We have not heard the last of Communism. Add God to "Godless Communism" and you have the Christian monestaries---the community of Jesus and the disciples. The right wingers who so fear Communism must be reading an alternative Bible, where Jesus told his followers to invest in property. Communism is not to be feared, we simply aren't ready for it yet.
July 16, 2005 7:49 PM | Reply | Permalink
Look on the bright side -- he was outnumbered 11 to 1, even in a group that he chooses to hang around with. But on the dark side, this is someone from whom Jonah Goldberg is learning how to be a pundit. Has already learned, perhaps.
July 16, 2005 8:38 PM | Reply | Permalink
Kazan and Steinbeck made "Viva Zapata" in 1952. It was an anti-Communist film, but it would be regarded as a populist leftist film today. In those days you could be pretty far left and be centrist.

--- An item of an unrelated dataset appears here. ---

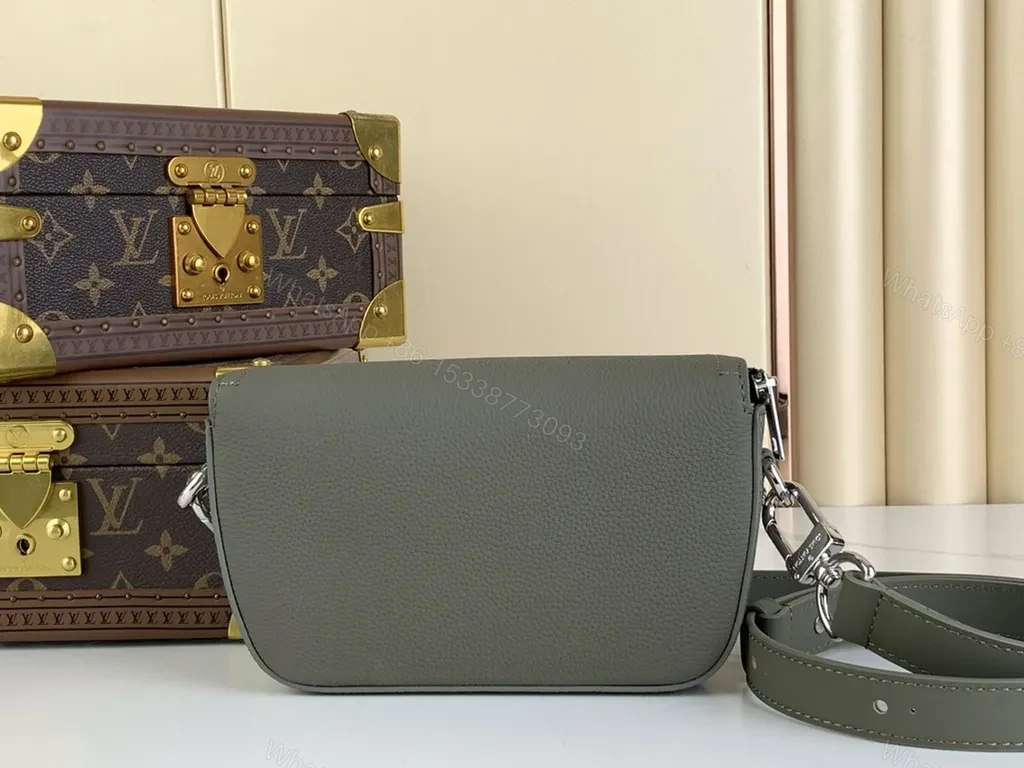 View 8 of Quiet Luxe Compact Crossbody: Pebbled Leather, LV Logo, Gold Hardware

July 16, 2005 9:04 PM | Reply | Permalink
Maybe it's just my mood currently, but when I read something like that, my reaction isn't one of amusement but one of fear and pessimism. The Conservative mind truly is frightening.
July 16, 2005 11:36 PM | Reply | Permalink
Maybe I'm interpreting the writer too charitably, but his question seems to be more along the lines of developing a debating rebuttal, independent of what he actually believes. He's identified assumptions that form the underpinnings of one argument and is looking for evidence to counter them.
It's true that an uninformed person cannot reasonably "believe" that some assumptions are wrong, but they can believe that the were insufficiently supported and could conceivably be refuted.
The fact that some conservatives consider it important to try to defend McCarthyism this long after the fact strikes me as a greater pathology than a tendency to form hunches and "fix evidence" around them.
July 17, 2005 7:46 AM | Reply | Permalink
You're being twice disingenuous.
First, you do, I hope, already have fairly pronounced views on the propostions--certainly, I trust, as to #3.
Second, you do when you're writing a piece form hypotheses based on what information you already have, and, inevitably, also on preconceptions.
The test comes later: do you, like a good scientist, try to find evidence tending to refute your hypotheses? And when such evidence comes to light, are you prepared to reformulate or even drop your hypotheses?
But let's not kid ourselves, open-minded doesn't mean empty-headed.
(As to the merits of the four "hypotheses" --or at least, as to #2--Harvey Klehr has established both that there were bogeymen about, and that Joe McCarthy's brand of exorcism did more harm than good.)
July 17, 2005 8:56 AM | Reply | Permalink
3) The United States is a democracy, so if people want to be Communist, that's their right.
Yes, I'd love to see modern arguments bolstering the opposing view to this.